• **WORK TO COMPLETE**: An exact copy of the entries is required, with every image omitted.

• **RECORDS TO PROCESS**:
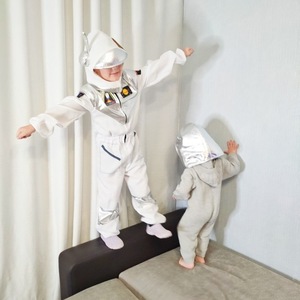 <span class=keywords><strong>Costume</strong></span> d'<span class=keywords><strong>astronaute</strong></span> <span class=keywords><strong>avec</strong></span> <span class=keywords><strong>casque</strong></span> pour enfants, ensemble de jeu de rôle spatial pour les tout-petits, garçons et filles de 4 à 10 ans - Product Image 5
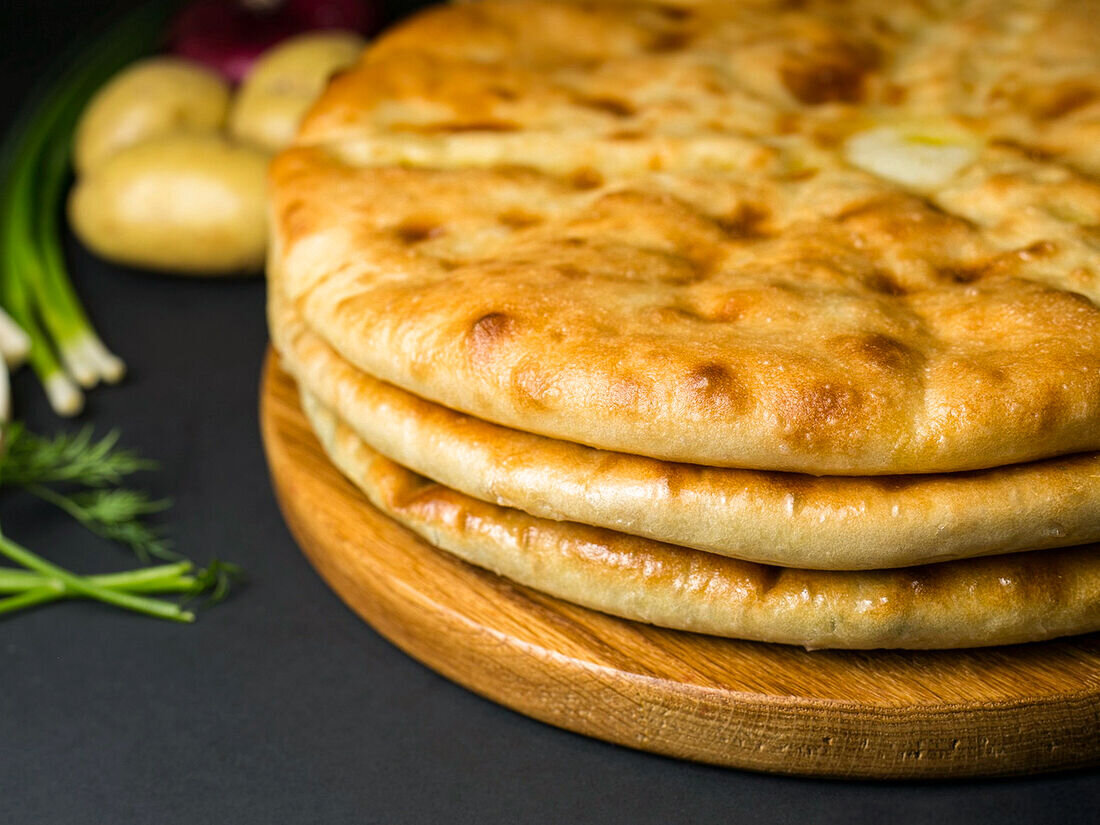 Сладкие осетинские пироги. Картофджин осетинский. Осетинский пирог уалибах. Осетинский хычин. Осетинские пироги с сыром.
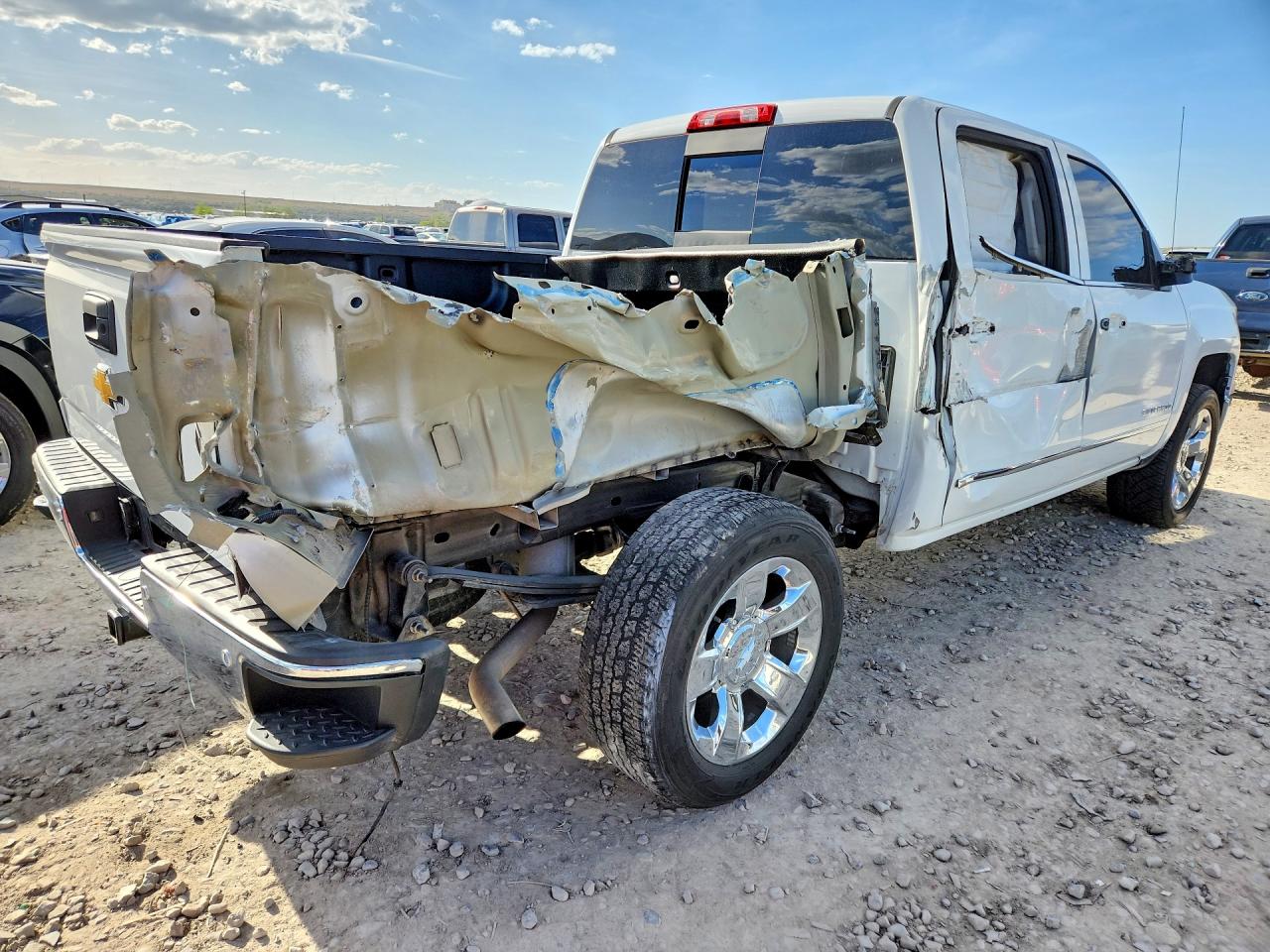 2015 Chevrolet Silverado K1500 Ltz White vin: 3GCUKSEC8FG140361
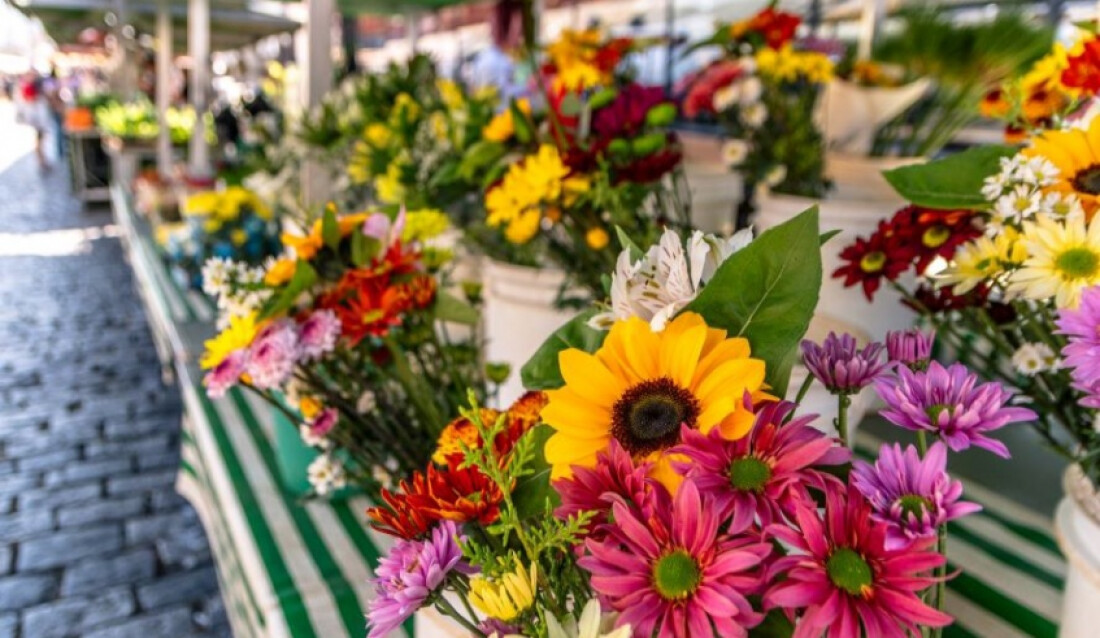 Dia das Mães impulsiona vendas de flores e cestas de presentes no Mercado Municipal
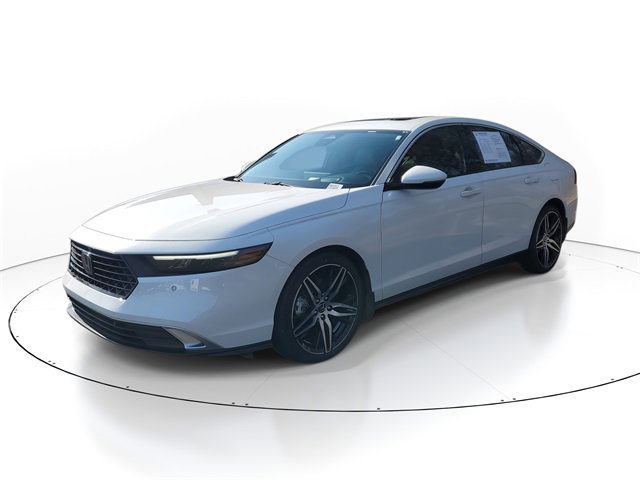Used 2024 Honda Accord Touring image 3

• **YOUR SOLUTION**:
 <span class=keywords><strong>Costume</strong></span> d'<span class=keywords><strong>astronaute</strong></span> <span class=keywords><strong>avec</strong></span> <span class=keywords><strong>casque</strong></span> pour enfants, ensemble de jeu de rôle spatial pour les tout-petits, garçons et filles de 4 à 10 ans - Product Image 5
 Сладкие осетинские пироги. Картофджин осетинский. Осетинский пирог уалибах. Осетинский хычин. Осетинские пироги с сыром.
 2015 Chevrolet Silverado K1500 Ltz White vin: 3GCUKSEC8FG140361
 Dia das Mães impulsiona vendas de flores e cestas de presentes no Mercado Municipal
Used 2024 Honda Accord Touring image 3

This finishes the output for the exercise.